Image-caption web data
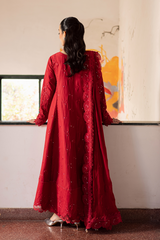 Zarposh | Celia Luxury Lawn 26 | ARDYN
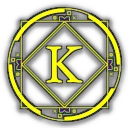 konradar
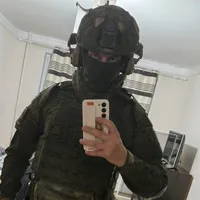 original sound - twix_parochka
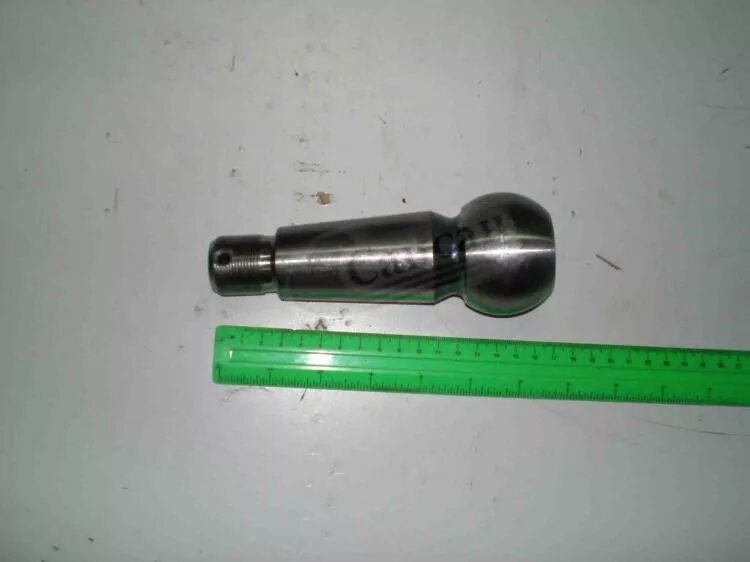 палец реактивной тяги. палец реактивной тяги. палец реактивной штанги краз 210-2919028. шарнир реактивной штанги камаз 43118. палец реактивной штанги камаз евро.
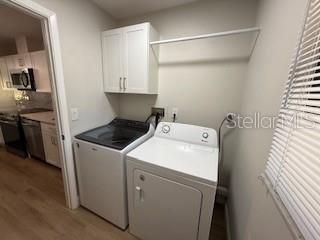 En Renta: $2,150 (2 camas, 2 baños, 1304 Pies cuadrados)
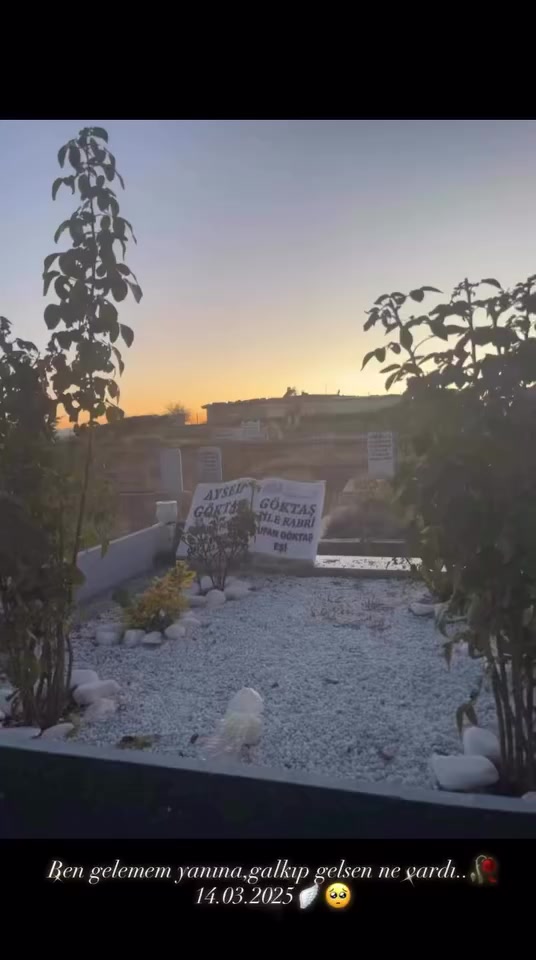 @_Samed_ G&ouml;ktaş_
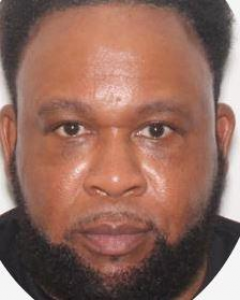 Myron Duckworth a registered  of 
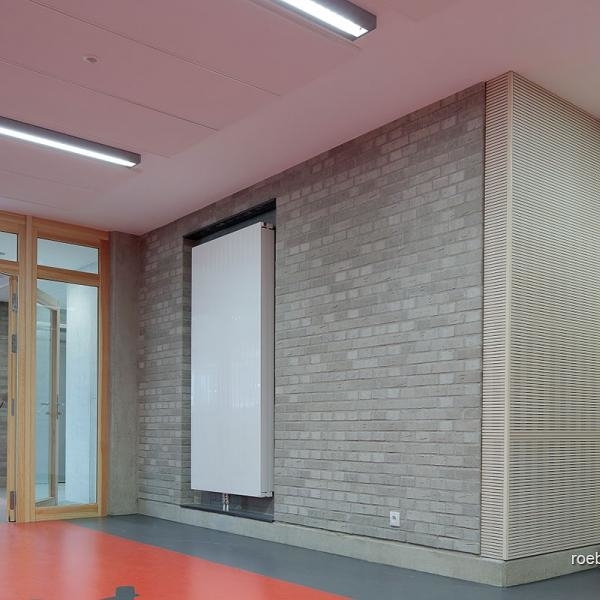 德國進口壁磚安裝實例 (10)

* * *

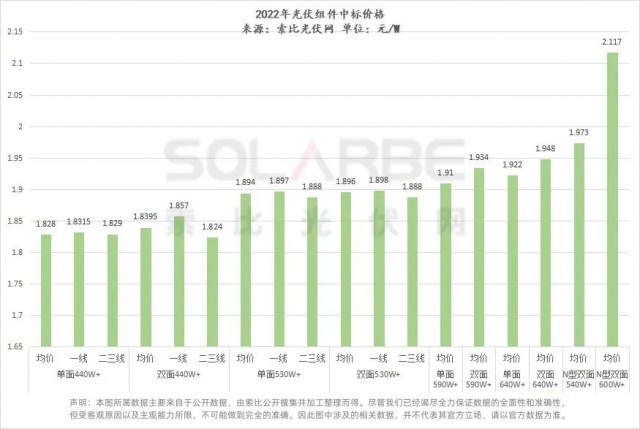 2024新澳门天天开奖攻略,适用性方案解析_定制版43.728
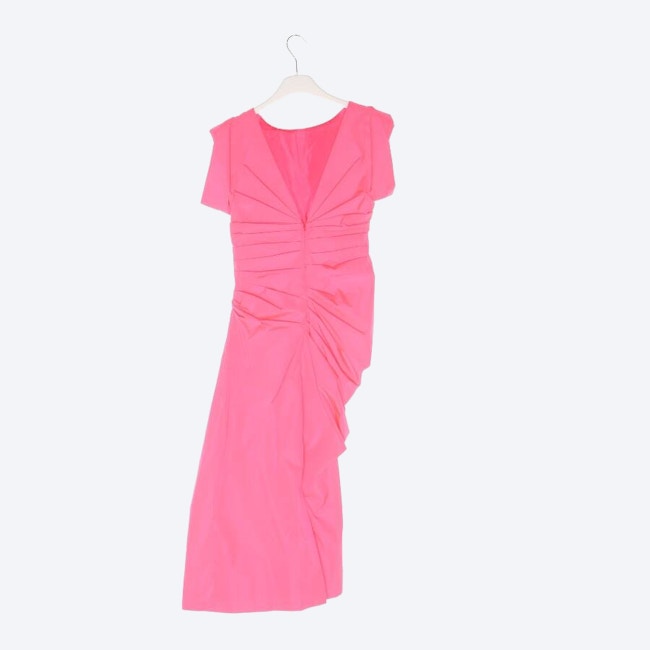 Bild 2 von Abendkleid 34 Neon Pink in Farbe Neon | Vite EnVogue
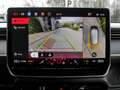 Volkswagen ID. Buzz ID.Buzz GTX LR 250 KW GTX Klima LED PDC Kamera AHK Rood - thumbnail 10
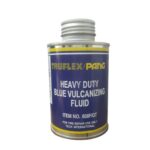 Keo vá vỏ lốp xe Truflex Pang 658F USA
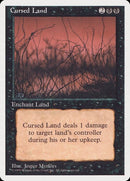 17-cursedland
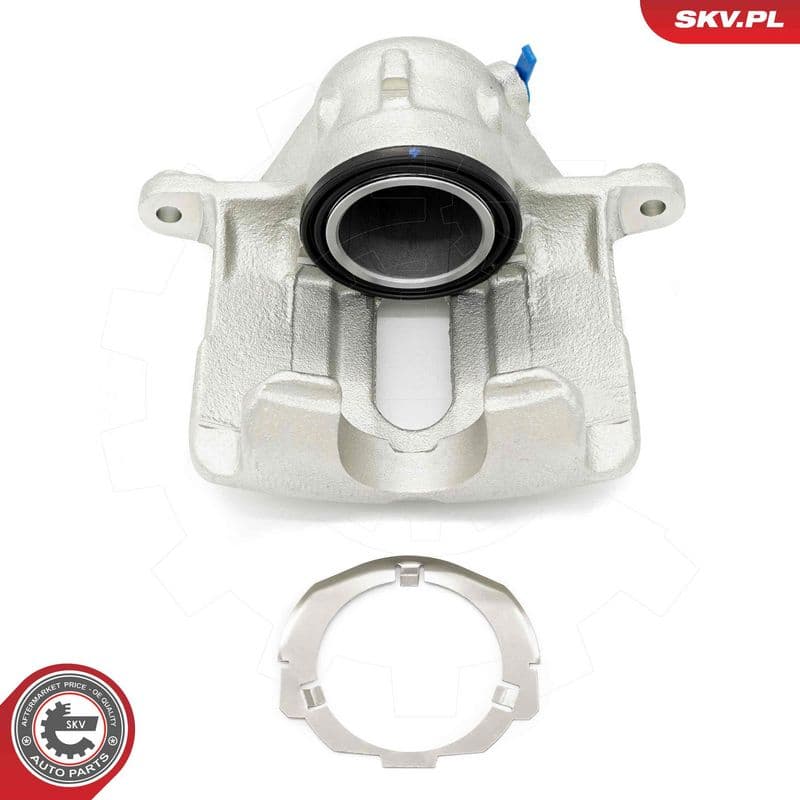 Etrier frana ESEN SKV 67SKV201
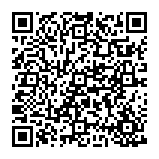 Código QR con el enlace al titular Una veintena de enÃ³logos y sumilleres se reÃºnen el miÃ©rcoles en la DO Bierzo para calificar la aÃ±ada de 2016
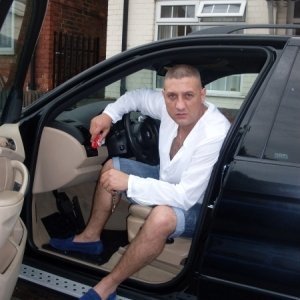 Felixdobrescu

_DIRECTIONS FOR THIS TASK:_
Would you copy out, exactly and with no pictures, only the lines above from the one that contains "Zarposh | Celia Luxury Lawn 26 | ARDYN" through the one that contains "德國進口壁磚安裝實例 (10)"?

_SOLVED EXERCISE:_
 Zarposh | Celia Luxury Lawn 26 | ARDYN
 konradar
 original sound - twix_parochka
 палец реактивной тяги. палец реактивной тяги. палец реактивной штанги краз 210-2919028. шарнир реактивной штанги камаз 43118. палец реактивной штанги камаз евро.
 En Renta: $2,150 (2 camas, 2 baños, 1304 Pies cuadrados)
 @_Samed_ G&ouml;ktaş_
 Myron Duckworth a registered  of 
 德國進口壁磚安裝實例 (10)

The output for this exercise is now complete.